Your instructions: Exactly as they appear below, repeat the lines from the one with "Hamaca Tonahutu 3.20m" through the one with "2023 Chevrolet Traverse". Drop every picture.

------ Material shown ------

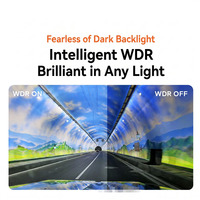 Caméra de tableau de bord WiFi DVR pour voiture, IPS sans fil, WDR, vision nocturne, 1,47 pouce, double objectif avant/arrière 4K avec GPS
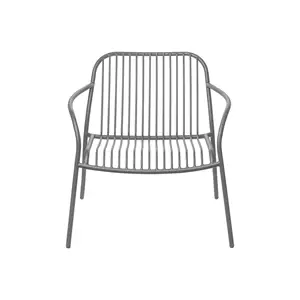 Blomus - Lounge Chair  - YUA WIRE - Granite Grey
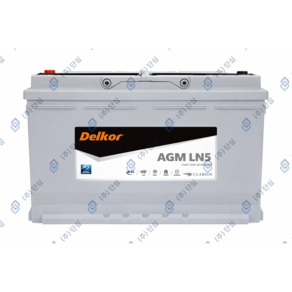 델코 Delkor AGM105R Silver LN6 차량용 AGM 배터리 12V 105Ah R타입 ISG 스탑앤고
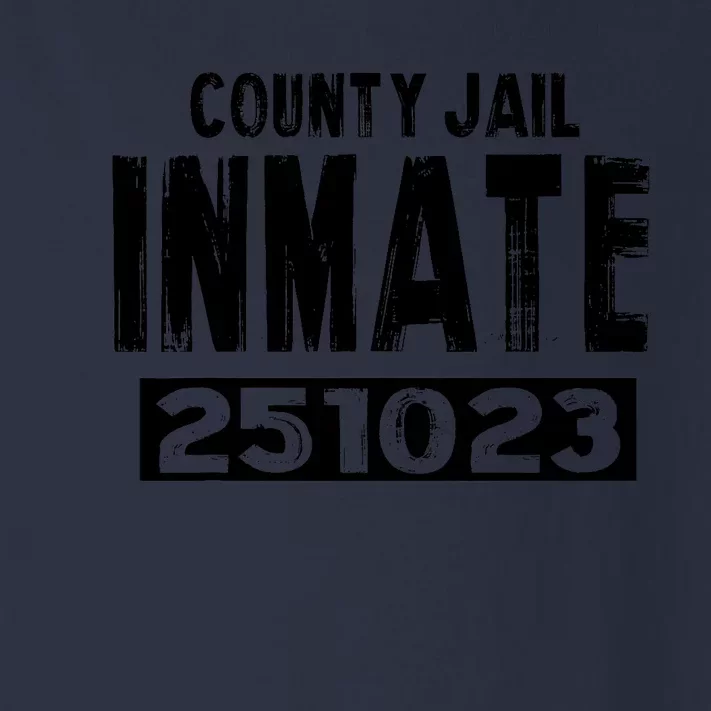 County Jail Inmate Funny Easy Halloween Prisoner Costume Toddler Long Sleeve Shirt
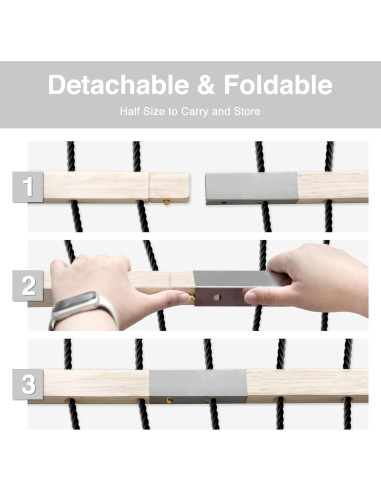 Hamaca Tonahutu 3.20m x 1.52m Algodón Tejida a Mano Gris Oscuro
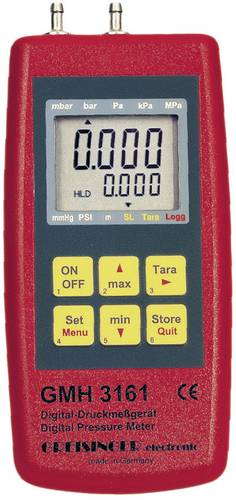 Greisinger GMH 3161-13 Druck-Messgerät Luftdruck, Nicht aggressive Gase, Korrosive Gase -0.1 - 2 bar von GREISINGER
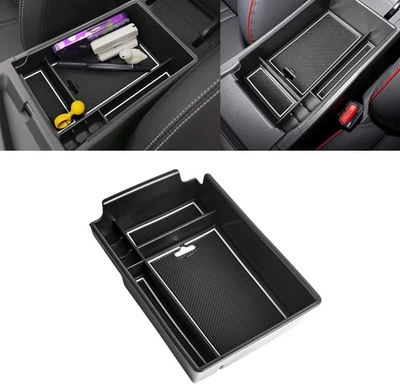 For Hyundai Sonata N-Line 2020+ Console Armrest Box Storage Tray Holder w/Pad Foto 1 de 4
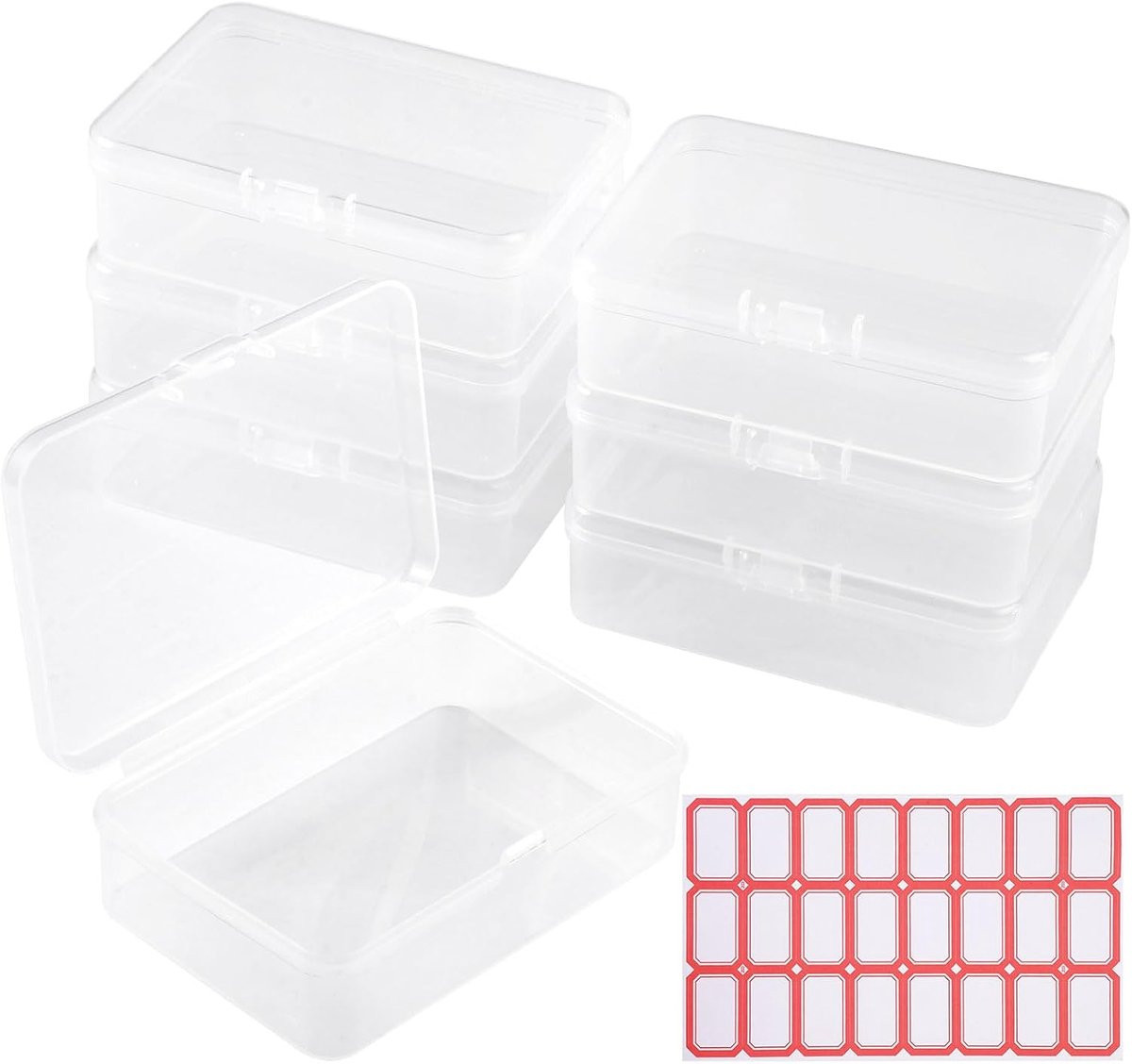 RAXIVO Opbergdoos met deksel, plastic, transparant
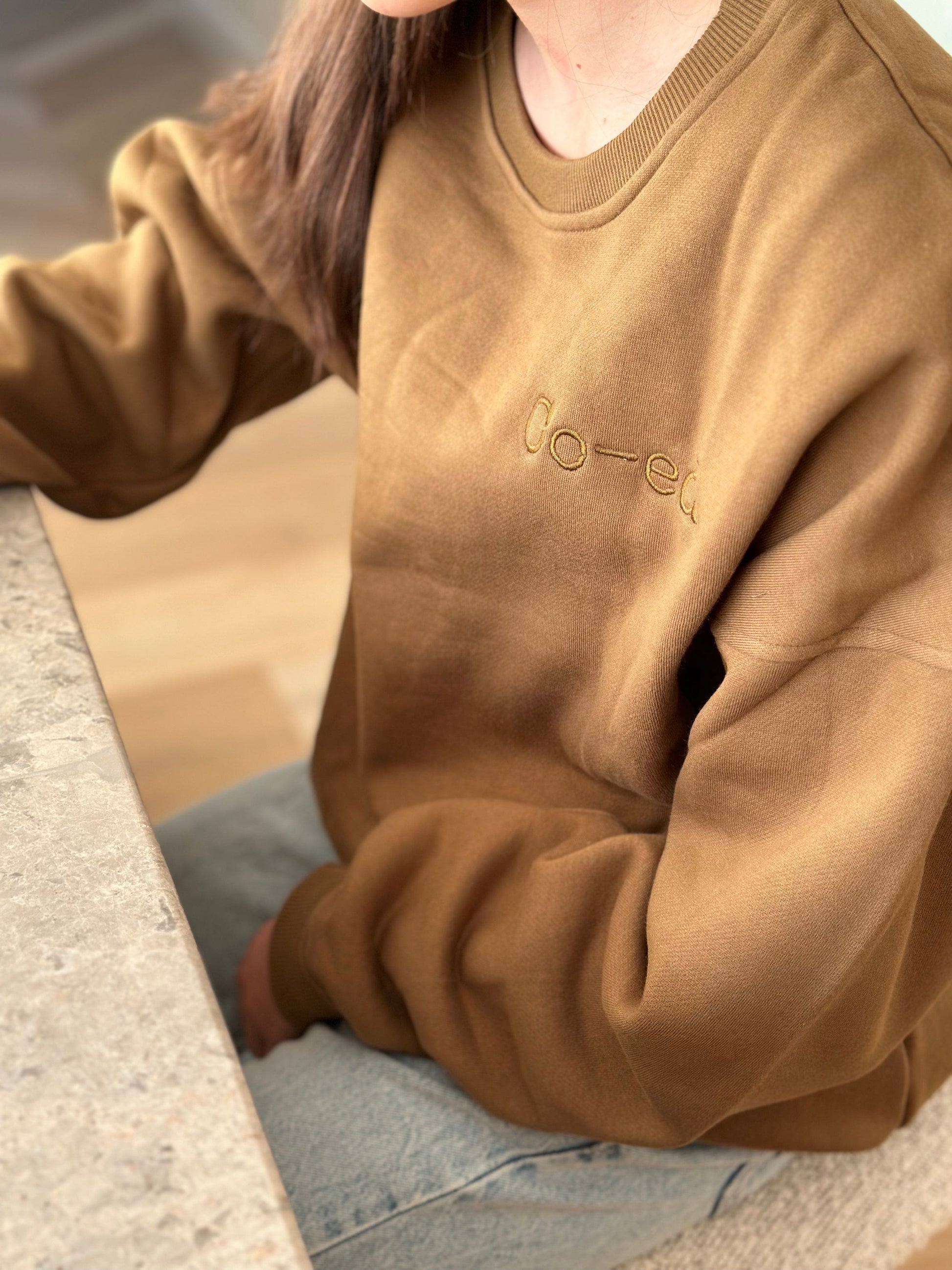 Co-ed Sweat Club Crew - Olive Crewnecks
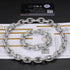 10mm O-Shape VVS Moissanite Cuban Link Chain or Bracelet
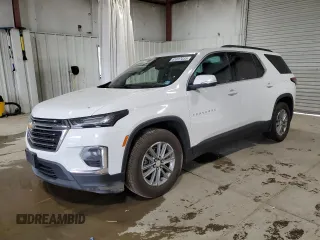 2023 Chevrolet Traverse LT Cloth with VIN 1GNEVGKW5PJ102939, listed as a Copart auction lot 61817035 with 62,334 mi miles and Salvage title. Bid and sale history available at DreamBid. Image 1.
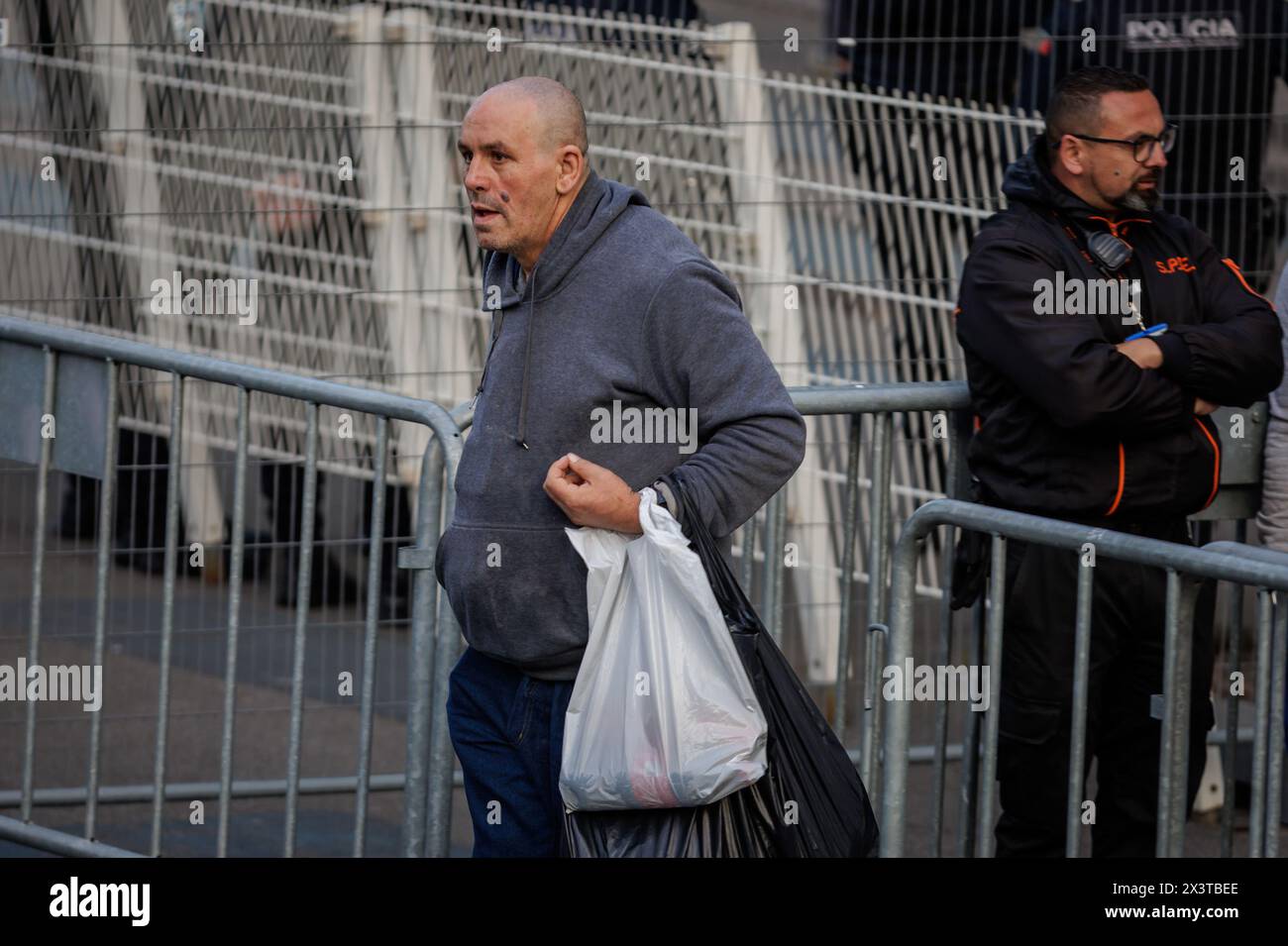 Porto, Portogallo. 27 aprile 2024. Porto, 04/27/2024 - elezioni per la presidenza del Futebol Clube do Porto a Estádio do Dragão. (Miguel Pereira/Global Imagens) credito: Atlantico Press/Alamy Live News Foto Stock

------

Completed task:
 Hamaca Tonahutu 3.20m x 1.52m Algodón Tejida a Mano Gris Oscuro
 Greisinger GMH 3161-13 Druck-Messgerät Luftdruck, Nicht aggressive Gase, Korrosive Gase -0.1 - 2 bar von GREISINGER
 For Hyundai Sonata N-Line 2020+ Console Armrest Box Storage Tray Holder w/Pad Foto 1 de 4
 RAXIVO Opbergdoos met deksel, plastic, transparant
 Co-ed Sweat Club Crew - Olive Crewnecks
 10mm O-Shape VVS Moissanite Cuban Link Chain or Bracelet
 2023 Chevrolet Traverse LT Cloth with VIN 1GNEVGKW5PJ102939, listed as a Copart auction lot 61817035 with 62,334 mi miles and Salvage title. Bid and sale history available at DreamBid. Image 1.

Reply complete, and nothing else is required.